# [TASK INSTRUCTIONS]
Please return the listing below from the line with "Alaya Stays 4Bhk" through its last line, exactly, and include nothing else.

# [TASK MATERIAL]
_ _ _ _
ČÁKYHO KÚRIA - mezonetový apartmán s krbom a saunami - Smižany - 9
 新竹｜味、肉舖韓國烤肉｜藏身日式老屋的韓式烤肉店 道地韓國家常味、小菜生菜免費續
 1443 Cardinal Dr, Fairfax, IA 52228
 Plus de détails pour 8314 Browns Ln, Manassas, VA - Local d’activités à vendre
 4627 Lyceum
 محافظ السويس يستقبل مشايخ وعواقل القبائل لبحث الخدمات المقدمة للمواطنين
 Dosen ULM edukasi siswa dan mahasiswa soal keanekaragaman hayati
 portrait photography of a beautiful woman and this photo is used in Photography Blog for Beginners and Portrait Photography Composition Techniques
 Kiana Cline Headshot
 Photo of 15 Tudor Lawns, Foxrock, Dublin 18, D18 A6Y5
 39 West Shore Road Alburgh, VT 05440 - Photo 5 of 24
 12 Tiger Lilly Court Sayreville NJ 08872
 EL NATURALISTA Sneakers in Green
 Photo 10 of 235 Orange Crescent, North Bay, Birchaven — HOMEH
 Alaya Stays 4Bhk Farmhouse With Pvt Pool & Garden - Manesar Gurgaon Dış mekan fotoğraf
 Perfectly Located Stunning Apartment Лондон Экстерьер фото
_ _ _ _
# [RESPONSE BELOW]
 Alaya Stays 4Bhk Farmhouse With Pvt Pool & Garden - Manesar Gurgaon Dış mekan fotoğraf
 Perfectly Located Stunning Apartment Лондон Экстерьер фото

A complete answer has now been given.